The opening of this Auckland Region Women’s Prison means that women from the upper North Island will now be able to serve their sentences close to their communities. This is a very important aspect of their rehabilitation.

Until now, the shortage of prison beds for women in the upper North Island has meant sending prisoners to other women’s prisons often far away from family and community support networks. As a result prisoners have been unable to see their children and partners regularly or easily, and have had to prepare for their release and return to their community from another part of New Zealand.

The prison has been designed especially to address the rehabilitation needs of prisoners. It aims to create an environment where motivated prisoners can get the help they need to turn around their lives. Getting self-motivation is often the hard part. I know that Corrections Officers put a lot of effort into encouraging inmates to be self-reliant, and to take responsibility for their own actions.

The aim is for prisoners to make their way through the system, and emerge as people with the skills to cope, to contribute to their communities, and to not re-offend.
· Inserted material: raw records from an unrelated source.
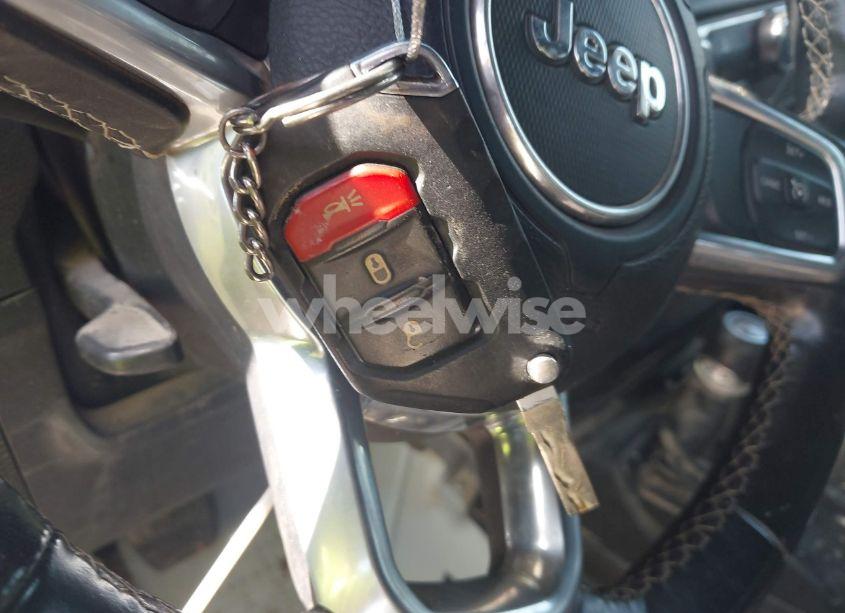 Photo 11 of 2021 Jeep Wrangler UNLIMITED SAHARA 4X4 (VIN 1C4HJXEN5MW544607)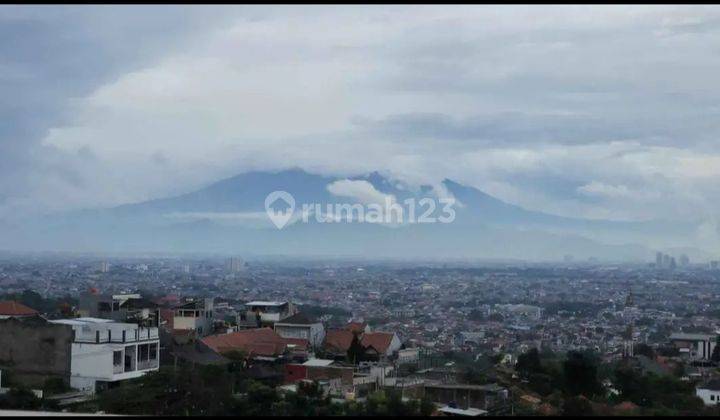 Rumah Moderen Besar Posisi Hook Pemandangan Asri Cimenyan Bandung 2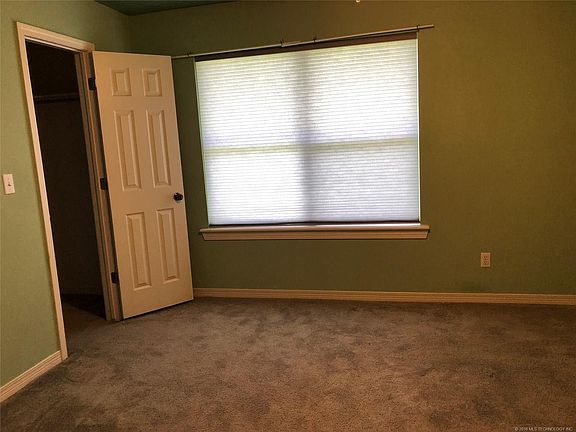 5th image of 204 N Ward Ave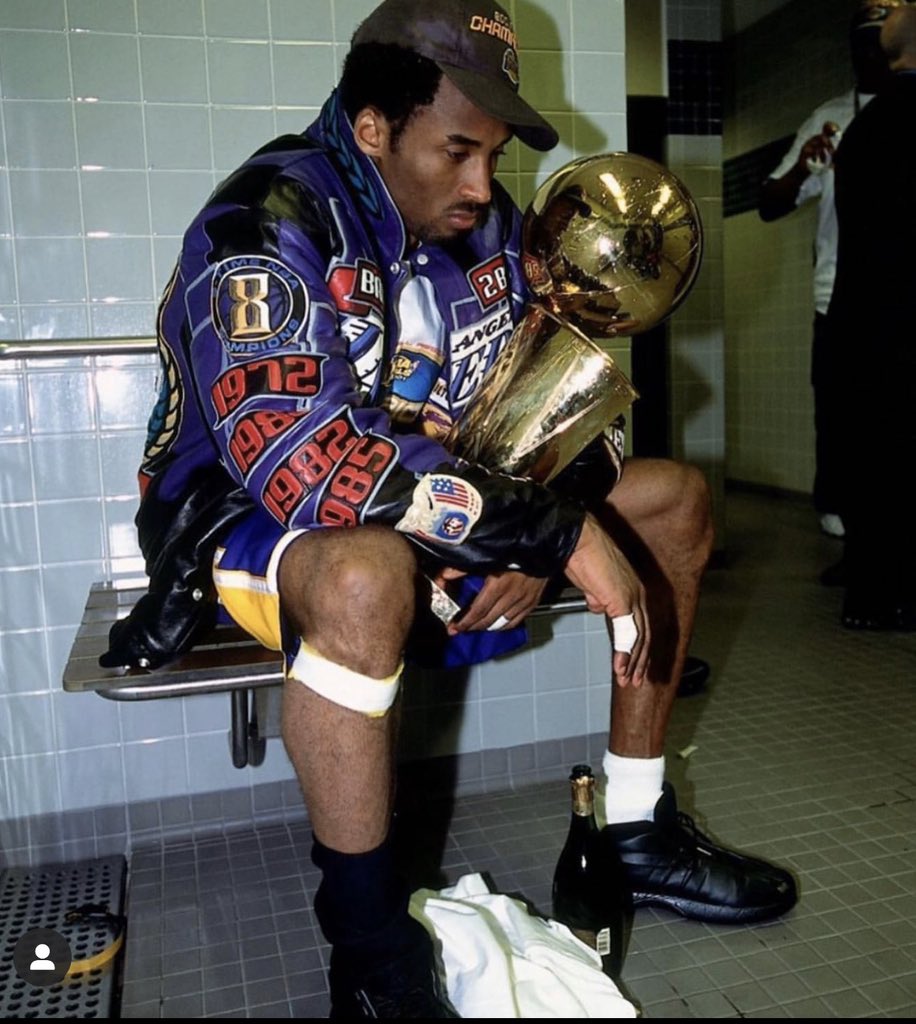 JoshHightower_'s tweet photo. Prayers 2 LA. 2 legends gone in 2 years.๐ #RipMAMBA #RipNHNIP https://t.co/7UqFSdKrNW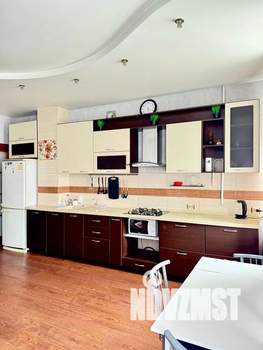 Студия квартира, посуточно, 30м2, 2/4 этаж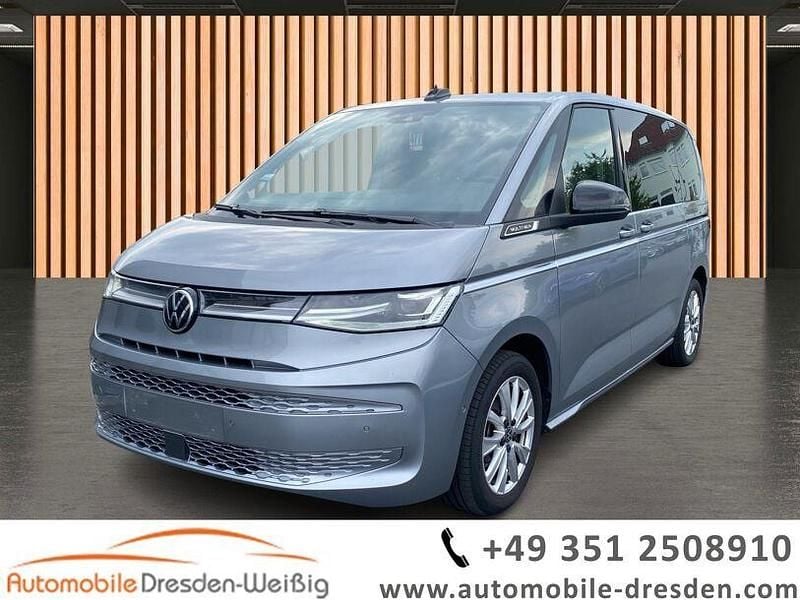 Monosilber metallic Gebraucht 2024 VW T7 Style Van | 53.880 € (Guter Preis) - Bild 1/3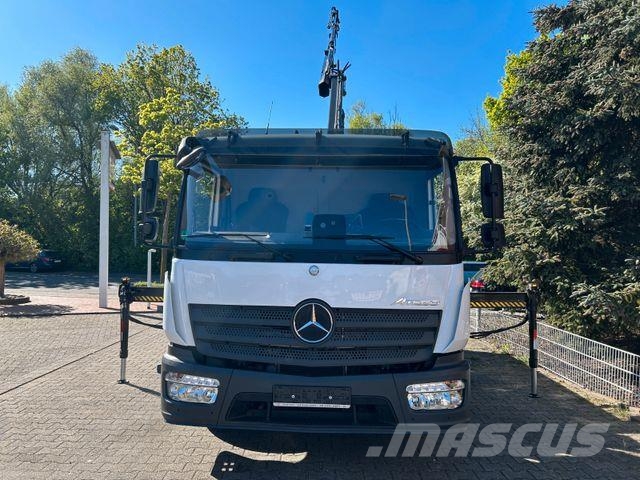 Mercedes-Benz 821 Atego Pritsche mit HIAB 066D Kran Camiones grúa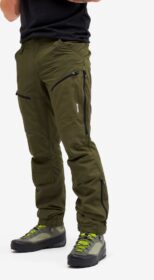 RevolutionRace Ulkoiluhousut, Vaellushousut & Retkeilyhousut – Vihreä – RVRC GP Pro Rescue Pants Miehet Dark Olive 2.0, Koko:L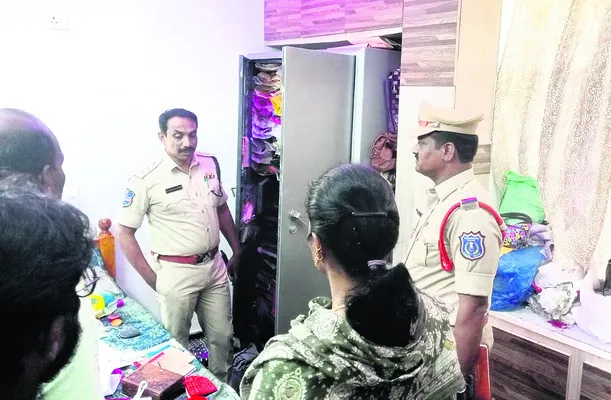 తాళం వేసిన ఇంట్లో చోరీ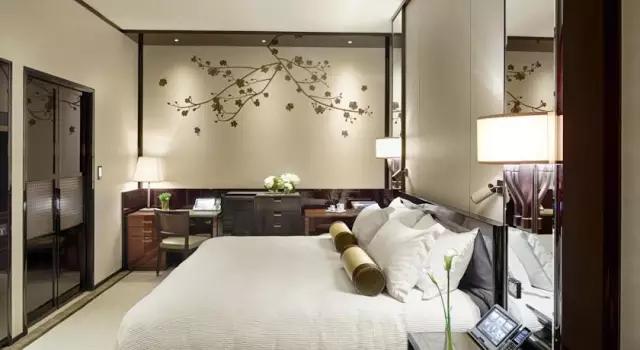 一开始我也不懂，为什么名人都爱住这些老酒店，直到...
Women prisoners here will attend programmes designed to support them to live healthy non-offending lives, from parenting skills to budgeting, alcohol and drug programmes, and violence prevention. They can complete programmes here which will confront offending behaviours and gain the tools to avoid re-offending.

Women make up a small but increasing percentage of the prisoner population. Today, there are around 430 women in New Zealand prisons, and unfortunately the number looks set to increase.

The majority of these prisoners are young and Maori, with low levels of educational achievement, and few work skills. Few have been in paid employment prior to their imprisonment.

Invariably they have complex problems related to both their offending and their ability to function on a day-to-day basis. They usually come to prison with health, substance abuse, and addiction issues. Violence has all too often been a way of life for them, and a large number of women prisoners have been abused. Also common are backgrounds of relationship difficulties

Many prisoners are mothers with children, who themselves are at high risk because of having a parent in prison. Before their imprisonment, many of these women prisoners were often also the sole childcare provider.

Accommodating prisoner mothers closer to home makes it easier for family and support networks to keep in contact. Here there is a nursery room so approved prisoners visit daily with their babies while they are being cared for in the community. Some prisoners may be eligible to live in a self care unit with their baby until the baby reaches six months old.

The women imprisoned here will generally serve sentences of two years or fewer. They will then be released back into our communities, so we do need to do all we can to support them becoming contributing members of society. Auckland Region Women’s Prison can help this to become a reality.

There’s a very special group of people here today who must be acknowledged for the work they have done, and will continue to do, at Auckland Women’s, to reduce re-offending.

They are Puukaki ki te Aakitai, the facility’s kaitiaki, or site guardians, for their involvement so far. I recognise that their work has really only just begun.

While Maori make up around fifteen per cent of New Zealand’s total population, they do account for almost half the prison muster. If solutions to the problem of the rising prison population are to work, they have to work for Maori.

Puukaki ki te Aakitai will be actively working in Auckland Region Women’s Prison running programmes to support the rehabilitation and reintegration of Maori prisoners into their communities. Their involvement has been and will be vital to the prison’s management, operation, programmes, and delivery of services, and to the wellbeing of everyone involved.

Overall our government’s goal is to continue to protect our communities, and further reduce crime.

The more successfully we can reintegrate prisoners, the more successful we will be at reducing re-offending.

It is now my pleasure to declare Auckland Region Women’s Corrections Facility officially open.